Work item:
Start at the line below containing "Freshpet Homestyle Creations" and stop at the line containing "2026 Genesis GV80". Repeat every line of that stretch exactly, and nothing outside it.

** Opening Data block **

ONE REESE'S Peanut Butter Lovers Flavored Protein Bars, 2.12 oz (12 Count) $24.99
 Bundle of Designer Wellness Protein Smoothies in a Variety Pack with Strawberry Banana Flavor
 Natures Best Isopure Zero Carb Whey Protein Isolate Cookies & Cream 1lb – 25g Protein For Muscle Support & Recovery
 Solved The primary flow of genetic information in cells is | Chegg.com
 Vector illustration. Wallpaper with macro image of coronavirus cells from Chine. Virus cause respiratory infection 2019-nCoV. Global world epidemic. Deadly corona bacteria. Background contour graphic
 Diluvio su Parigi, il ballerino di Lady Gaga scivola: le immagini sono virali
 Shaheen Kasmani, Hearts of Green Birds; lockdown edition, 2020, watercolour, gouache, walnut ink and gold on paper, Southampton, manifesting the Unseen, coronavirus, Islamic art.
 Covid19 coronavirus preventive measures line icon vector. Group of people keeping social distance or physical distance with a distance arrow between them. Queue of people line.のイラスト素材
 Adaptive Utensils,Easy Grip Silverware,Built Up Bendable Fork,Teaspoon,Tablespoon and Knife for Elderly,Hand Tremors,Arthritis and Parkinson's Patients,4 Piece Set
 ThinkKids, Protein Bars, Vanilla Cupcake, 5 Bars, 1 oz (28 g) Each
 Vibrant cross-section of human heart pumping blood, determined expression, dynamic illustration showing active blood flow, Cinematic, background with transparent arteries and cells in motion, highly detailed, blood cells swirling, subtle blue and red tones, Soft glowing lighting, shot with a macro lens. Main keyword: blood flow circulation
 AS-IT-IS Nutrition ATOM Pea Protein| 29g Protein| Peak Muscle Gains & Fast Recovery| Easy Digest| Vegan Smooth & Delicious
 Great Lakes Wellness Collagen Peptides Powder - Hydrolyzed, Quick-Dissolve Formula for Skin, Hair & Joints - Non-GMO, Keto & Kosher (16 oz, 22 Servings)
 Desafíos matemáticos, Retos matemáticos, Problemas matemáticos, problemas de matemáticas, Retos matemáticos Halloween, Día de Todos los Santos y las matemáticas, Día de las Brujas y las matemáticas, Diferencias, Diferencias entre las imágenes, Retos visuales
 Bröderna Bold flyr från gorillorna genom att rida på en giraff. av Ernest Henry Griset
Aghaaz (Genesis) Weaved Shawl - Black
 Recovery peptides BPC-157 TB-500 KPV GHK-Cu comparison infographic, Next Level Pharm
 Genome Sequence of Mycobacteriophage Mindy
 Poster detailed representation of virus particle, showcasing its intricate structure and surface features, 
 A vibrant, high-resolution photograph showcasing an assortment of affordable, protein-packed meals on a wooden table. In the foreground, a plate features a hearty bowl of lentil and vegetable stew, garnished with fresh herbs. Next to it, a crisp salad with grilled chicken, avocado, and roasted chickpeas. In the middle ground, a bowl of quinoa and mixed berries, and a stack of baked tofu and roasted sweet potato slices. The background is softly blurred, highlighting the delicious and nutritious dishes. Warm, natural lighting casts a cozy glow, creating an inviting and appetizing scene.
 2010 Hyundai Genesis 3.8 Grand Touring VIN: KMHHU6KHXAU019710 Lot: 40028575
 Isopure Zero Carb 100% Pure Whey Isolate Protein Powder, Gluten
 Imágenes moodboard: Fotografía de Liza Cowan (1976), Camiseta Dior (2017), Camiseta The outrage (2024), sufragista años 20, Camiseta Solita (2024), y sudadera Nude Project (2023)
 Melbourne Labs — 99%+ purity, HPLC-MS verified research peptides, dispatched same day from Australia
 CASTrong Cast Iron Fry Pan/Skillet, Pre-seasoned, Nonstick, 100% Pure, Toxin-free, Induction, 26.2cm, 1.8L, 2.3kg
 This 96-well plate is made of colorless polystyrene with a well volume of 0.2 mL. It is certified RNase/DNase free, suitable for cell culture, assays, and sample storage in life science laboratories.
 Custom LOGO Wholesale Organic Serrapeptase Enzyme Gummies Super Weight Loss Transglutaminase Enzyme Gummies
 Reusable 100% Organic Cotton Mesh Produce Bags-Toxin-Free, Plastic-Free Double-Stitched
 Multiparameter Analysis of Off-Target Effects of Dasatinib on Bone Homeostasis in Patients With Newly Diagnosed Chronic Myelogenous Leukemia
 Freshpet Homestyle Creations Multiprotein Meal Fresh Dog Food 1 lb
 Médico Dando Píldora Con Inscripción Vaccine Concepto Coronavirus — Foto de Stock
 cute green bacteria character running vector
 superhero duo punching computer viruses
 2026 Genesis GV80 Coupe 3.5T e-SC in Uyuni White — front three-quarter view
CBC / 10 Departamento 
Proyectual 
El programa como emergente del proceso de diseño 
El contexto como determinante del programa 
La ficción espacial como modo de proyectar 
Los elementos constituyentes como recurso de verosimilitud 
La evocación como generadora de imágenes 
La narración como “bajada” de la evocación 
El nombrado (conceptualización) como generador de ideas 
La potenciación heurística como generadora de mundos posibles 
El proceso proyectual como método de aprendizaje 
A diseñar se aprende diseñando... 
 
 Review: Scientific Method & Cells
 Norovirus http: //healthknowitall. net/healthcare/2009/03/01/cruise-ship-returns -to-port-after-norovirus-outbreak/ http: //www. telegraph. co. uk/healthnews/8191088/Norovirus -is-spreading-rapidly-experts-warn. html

** Closing Data block **

Response:
 Freshpet Homestyle Creations Multiprotein Meal Fresh Dog Food 1 lb
 Médico Dando Píldora Con Inscripción Vaccine Concepto Coronavirus — Foto de Stock
 cute green bacteria character running vector
 superhero duo punching computer viruses
 2026 Genesis GV80 Coupe 3.5T e-SC in Uyuni White — front three-quarter view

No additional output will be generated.